過去から現在において、顔ジャケはそこまで大きな変化、進化を遂げていません。もちろん、フォント選びの違いや色使い、パッケージ化された際のインクのノリなどは、その時代によりさまざまです。まあ、顔を配置するだけですし、写っているのは大体人間なんで当たり前なんですが・・・。

ただ、最近の顔ジャケは良く言えばキリッとした、カッコイイものが多く、悪く言えば無難で、優等生のものが増えたなと感じます。逆に、昔の顔ジャケデザインは良く言えば個性的で勢いがあり、存在を感じさせるものが多く、悪く言えばなぜその写真を使ってしまったのかまったく理解ができない、デザイン的にトゥーマッチ過ぎたりしています。

しかし、やっぱり数十年経っても「ああ、あの顔w」と記憶に残るのは、後者のインパクトがある顔ジャケです。

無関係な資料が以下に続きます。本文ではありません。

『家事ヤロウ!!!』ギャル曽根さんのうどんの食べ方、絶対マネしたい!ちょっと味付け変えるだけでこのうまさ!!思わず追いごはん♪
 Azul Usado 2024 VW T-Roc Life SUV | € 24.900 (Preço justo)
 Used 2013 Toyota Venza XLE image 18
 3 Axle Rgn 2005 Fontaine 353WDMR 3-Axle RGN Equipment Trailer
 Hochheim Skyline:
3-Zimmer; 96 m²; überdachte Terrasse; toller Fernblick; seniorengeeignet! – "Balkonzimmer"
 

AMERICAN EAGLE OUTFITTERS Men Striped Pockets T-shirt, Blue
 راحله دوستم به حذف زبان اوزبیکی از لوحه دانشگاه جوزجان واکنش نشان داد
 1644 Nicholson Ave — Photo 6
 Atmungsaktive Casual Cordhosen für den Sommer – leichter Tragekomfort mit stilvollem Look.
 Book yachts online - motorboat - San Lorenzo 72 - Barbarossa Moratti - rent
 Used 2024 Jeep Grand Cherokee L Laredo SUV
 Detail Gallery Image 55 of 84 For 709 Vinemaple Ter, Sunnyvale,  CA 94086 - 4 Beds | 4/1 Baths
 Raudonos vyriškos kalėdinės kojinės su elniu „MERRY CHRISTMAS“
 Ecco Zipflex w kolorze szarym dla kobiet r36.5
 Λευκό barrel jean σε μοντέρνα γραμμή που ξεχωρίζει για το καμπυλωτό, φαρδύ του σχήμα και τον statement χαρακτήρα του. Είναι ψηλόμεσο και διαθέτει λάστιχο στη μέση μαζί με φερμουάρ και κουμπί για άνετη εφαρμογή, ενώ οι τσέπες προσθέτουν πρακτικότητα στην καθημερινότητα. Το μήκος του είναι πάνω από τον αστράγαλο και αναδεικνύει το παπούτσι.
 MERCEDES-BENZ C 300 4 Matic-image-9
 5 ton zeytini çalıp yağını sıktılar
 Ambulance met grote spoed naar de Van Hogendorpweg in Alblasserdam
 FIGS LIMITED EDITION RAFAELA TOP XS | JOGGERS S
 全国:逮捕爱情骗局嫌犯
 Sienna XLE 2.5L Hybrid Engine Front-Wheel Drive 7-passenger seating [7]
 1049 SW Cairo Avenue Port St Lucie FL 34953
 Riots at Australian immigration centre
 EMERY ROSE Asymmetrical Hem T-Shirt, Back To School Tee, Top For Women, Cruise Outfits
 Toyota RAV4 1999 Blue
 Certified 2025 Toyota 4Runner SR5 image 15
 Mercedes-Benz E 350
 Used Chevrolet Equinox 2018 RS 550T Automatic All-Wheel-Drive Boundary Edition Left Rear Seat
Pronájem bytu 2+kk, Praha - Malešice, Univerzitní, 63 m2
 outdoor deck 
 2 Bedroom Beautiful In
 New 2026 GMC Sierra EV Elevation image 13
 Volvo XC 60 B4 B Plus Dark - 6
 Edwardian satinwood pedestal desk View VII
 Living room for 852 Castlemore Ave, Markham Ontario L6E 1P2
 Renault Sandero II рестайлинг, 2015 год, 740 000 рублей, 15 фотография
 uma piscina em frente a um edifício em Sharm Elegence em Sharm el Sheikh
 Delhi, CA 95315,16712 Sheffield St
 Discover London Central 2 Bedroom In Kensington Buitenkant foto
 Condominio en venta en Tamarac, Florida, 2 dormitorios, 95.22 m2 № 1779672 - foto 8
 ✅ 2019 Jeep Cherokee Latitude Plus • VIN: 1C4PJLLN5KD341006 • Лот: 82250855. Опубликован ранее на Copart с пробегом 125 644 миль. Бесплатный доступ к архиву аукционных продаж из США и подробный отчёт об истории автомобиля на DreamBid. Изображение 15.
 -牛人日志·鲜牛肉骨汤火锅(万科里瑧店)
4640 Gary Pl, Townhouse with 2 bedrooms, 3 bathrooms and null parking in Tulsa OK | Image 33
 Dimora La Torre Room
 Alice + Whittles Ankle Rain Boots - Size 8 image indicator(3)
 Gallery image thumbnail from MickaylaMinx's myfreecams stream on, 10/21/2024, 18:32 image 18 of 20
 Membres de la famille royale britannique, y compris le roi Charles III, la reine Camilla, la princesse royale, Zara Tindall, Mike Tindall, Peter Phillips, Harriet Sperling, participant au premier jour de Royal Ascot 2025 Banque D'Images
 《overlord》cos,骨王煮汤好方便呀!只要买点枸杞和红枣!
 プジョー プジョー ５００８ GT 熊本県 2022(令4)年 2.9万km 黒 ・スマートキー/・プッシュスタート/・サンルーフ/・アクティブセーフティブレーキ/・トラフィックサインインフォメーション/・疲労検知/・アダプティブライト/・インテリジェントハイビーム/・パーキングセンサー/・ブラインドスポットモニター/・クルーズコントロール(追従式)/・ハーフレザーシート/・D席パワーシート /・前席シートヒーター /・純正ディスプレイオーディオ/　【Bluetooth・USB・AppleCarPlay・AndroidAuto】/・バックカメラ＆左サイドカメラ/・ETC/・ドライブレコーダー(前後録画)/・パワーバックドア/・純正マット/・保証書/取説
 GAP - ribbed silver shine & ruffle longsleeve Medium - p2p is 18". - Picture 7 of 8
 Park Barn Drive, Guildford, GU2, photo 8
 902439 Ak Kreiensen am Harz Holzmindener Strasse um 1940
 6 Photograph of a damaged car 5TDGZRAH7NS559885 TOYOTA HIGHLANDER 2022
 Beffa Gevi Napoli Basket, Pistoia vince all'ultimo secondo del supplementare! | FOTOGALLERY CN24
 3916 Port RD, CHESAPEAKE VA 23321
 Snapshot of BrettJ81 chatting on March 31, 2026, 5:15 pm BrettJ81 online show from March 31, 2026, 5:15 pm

たとえばこちら、ジョー・コッカーの『With a Little Help from My Friends』、1969年の作品です。

 
その視線の先に何があるのか? を考えるよりも先にとんでもないインパクトで目に飛び込むご尊顔は、まさにトゥーマッチの極みでありながらも、収録された珠玉のロックナンバーと比較しても、全く遜色ない強度を誇るアートワークです。

もう一枚、今度はアーティスティックな作品を。ピーター・ガブリエルの1980年作品。『PETER GABRIEL III』です。

 
通称「Melt」と呼ばれているこのアルバム、文字通り顔面が溶けているようなアートワークが印象的です。デザインを手掛けたのはイギリスのデザイングループ「ヒプノシス」。『Pink Floyd』の一連のアートワークを手掛けたことで余りにも有名ですね。ポラロイドカメラの現像液が乾ききる前に擦り、融解しているような像を作り上げています。

アーティスティックといえば、日本にも素晴らしい顔ジャケアートワークが存在します。それが浅丘ルリ子の芸能生活15週年を記念して制作された1969年作、『浅丘ルリ子のすべて 心の裏窓』です。

 
そういえば、1969年は『クリムゾン・キングの宮殿』といい、ジョー・コッカーの『With a Little Help from My Friends』といい、紹介してませんがフリートウッド・マックの『ENGLISH ROSE』といい、強烈な顔ジャケが連発されているのですが、一体何があったのでしょうか

話を『浅丘ルリ子のすべて 心の裏窓』に戻しますと、アートワークを手掛けたのは横尾忠則。顔が顔を作り、顔が顔に顔で顔・・・。と、まんだら、そしてモナ・リザとも取れそうな不思議かつ魅力的なアートワークは、未来永劫に顔ジャケの殿堂として語り継がれるべき異色作であることに、異論がある方はいないでしょう。